Kernel approximation
July 27, 2016 — March 6, 2020
A page where I document what I don’t know about kernel approximation. A page about what I do know would be empty.
What I mean is: approximating implicit Mercer kernel feature maps with explicit features; Equivalently, approximating the Gram matrix, which is also related to mixture model inference and clustering.
I’m especially interested in how it might be done using random linear algebra via random embeddings such as random projections.
Also I guess we need to know trade-offs of computational time/space cost in approximation bounds, so that we can decide when to bother. When is it enough to reduce computational cost merely with support vectors, or to evaluate the kernels efficiently using, e.g. the Fast Gauss Transform and related methods, rather than coming up with alternative kernel bases? (e.g. you don’t want to do the fiddly coding for the Faust Gauss transform)
Not the related but distinct (terminological collision) of approximating functions from convolution kernels. In kernel approximation we look for approximations, in some sense, to the component kernels themselves.
A good introduction to what is going on is
- Random Fourier Features
- Reflections on Random Kitchen Sinks
- Adventures in Data Land, The Neal Kernel and Random Kitchen Sinks
1 Do you need to even calculate the Gram matrix?
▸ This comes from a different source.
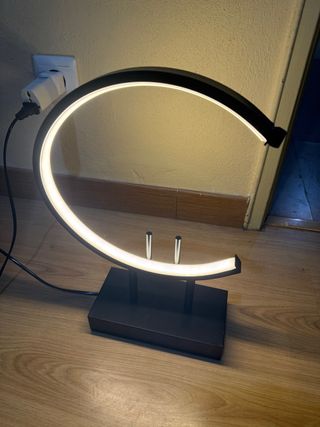 Luz de noche LED curva sin caja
Francis R. Bach and Jordan (2002) does a kernel ICA without calculating the whole Gram matrix (!). Does that fit in here?
2 Stationary kernels
I am mostly interested in translation-invariant (i.e. stationary, or homogeneous) kernels, so assume I’m talking about those unless I say otherwise.
Short introduction at scikit-learn kernel approximation page.
See (Drineas and Mahoney 2005; T. Yang et al. 2012, 2012; Vedaldi and Zisserman 2012; Rahimi and Recht 2007, 2009; Alaoui and Mahoney 2014; F. Bach 2015; Francis R. Bach 2013; Solin and Särkkä 2020).
The approximations might be random projection, or random sampling based, e.g. the Nyström method, which is reportedly effectively Monte Carlo integration, although I understand there is an optimisation step too?
I need to work out the difference between random Fourier features, random kitchen sinks, Nyström methods and whatever Smola et al (Schölkopf et al. 1998) call their special case Gaussian approximation. I think Random Fourier features are the same as random kitchen sinks, Rahimi and Recht (2007) and Nyström is different (C. K. Williams and Seeger 2001). When we can exploit (data- or kernel-) structure to do better? (say, (Le, Sarlós, and Smola 2013)) Quasi Monte Carlo can improve on random Monte Carlo? (update: someone already had that idea: (J. Yang et al. 2014)) Or better matrix factorisations?
Vempati et al. (2010):
Recently, Maji and Berg and Vedaldi and Zisserman proposed explicit feature maps to approximate the additive kernels (intersection, \(\chi^2\), etc.) by linear ones, thus enabling the use of fast machine learning technique in a non-linear context. An analogous technique was proposed by Rahimi and Recht (Rahimi and Recht 2007) for the translation invariant RBF kernels. In this paper, we complete the construction and combine the two techniques to obtain explicit feature maps for the generalized RBF kernels.
3 Using bases
See GP basis methods.
4 Inner product kernels
See e.g. Koltchinskii and Giné (2000). These have some elegant relations to low-dimensional random projections. How well can we approximate NN kernels?
5 Lectures
6 Connections
MDS and Kernel PCA and mixture models are all related in a way I should try to understand when I have a moment.
For the connection with kernel PCA, see Schölkopf et al. (1998) and C. K. I. Williams (2001) for metric multidimensional scaling.
Altschuler et al. (2019) use projection tricks to calculate Sinkhorn divergence.